What the exercise asks: Only the lines from the one with "1. The oil block" through the last line of the material below belong in the answer, copied exactly and without pictures.

Data extract:
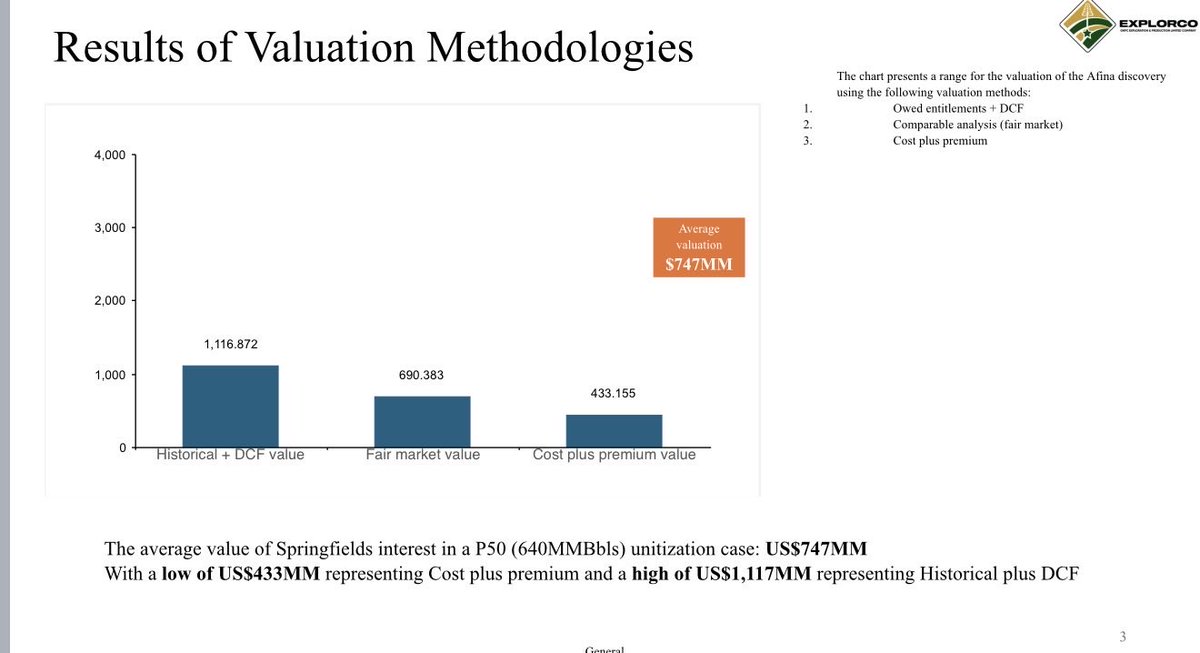 benboakye's tweet image. From every objective assessment, acquisition of Springfield’s asset is a bad move. Here’s why:

1. The oil block belongs to the state. Contractors are supposed to take the risk and share benefits only when they succeed.

2. When contractors fail, the state’s duty is to reclaim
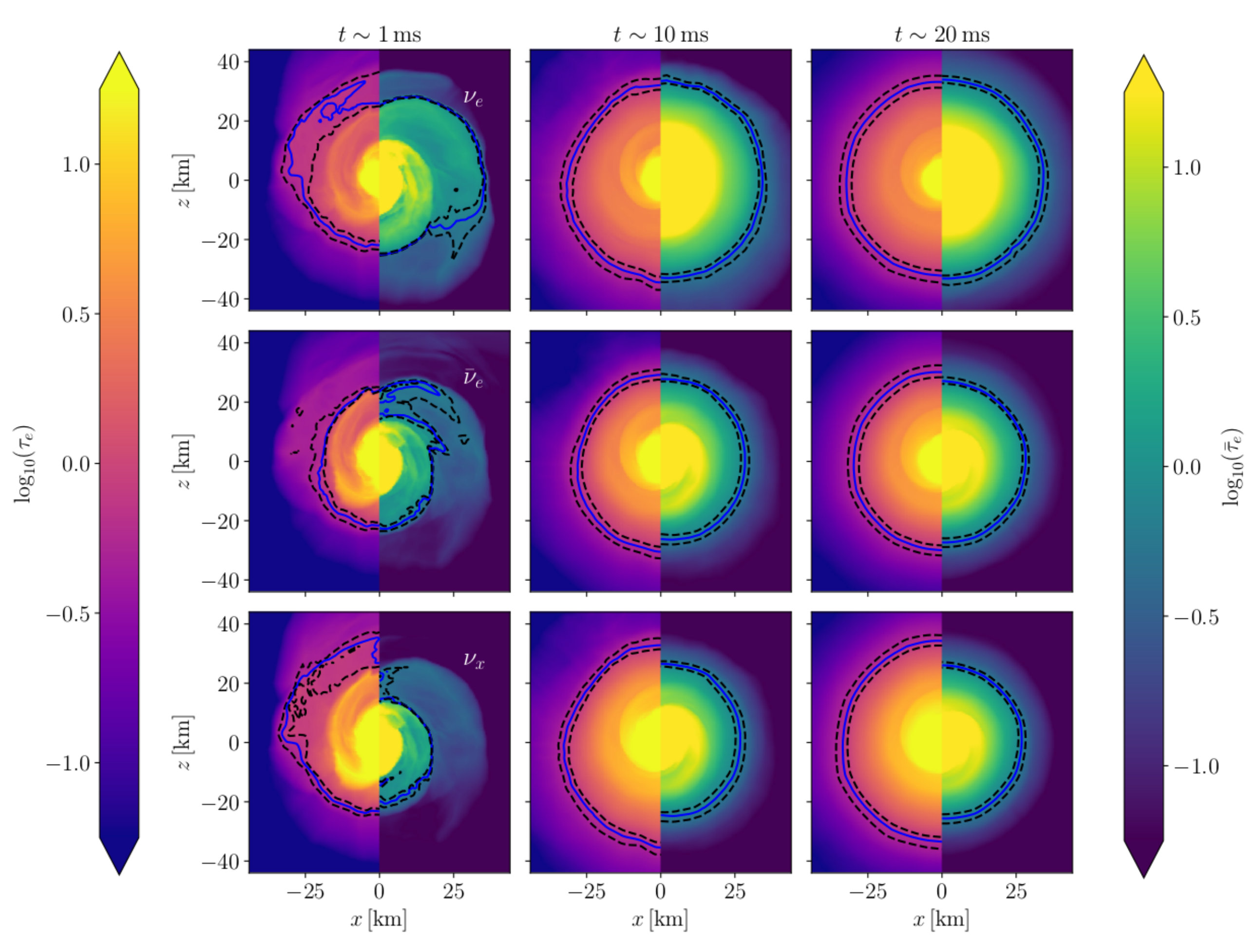 Figure 13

Task output:
1. The oil block belongs to the state. Contractors are supposed to take the risk and share benefits only when they succeed.

2. When contractors fail, the state’s duty is to reclaim
 Figure 13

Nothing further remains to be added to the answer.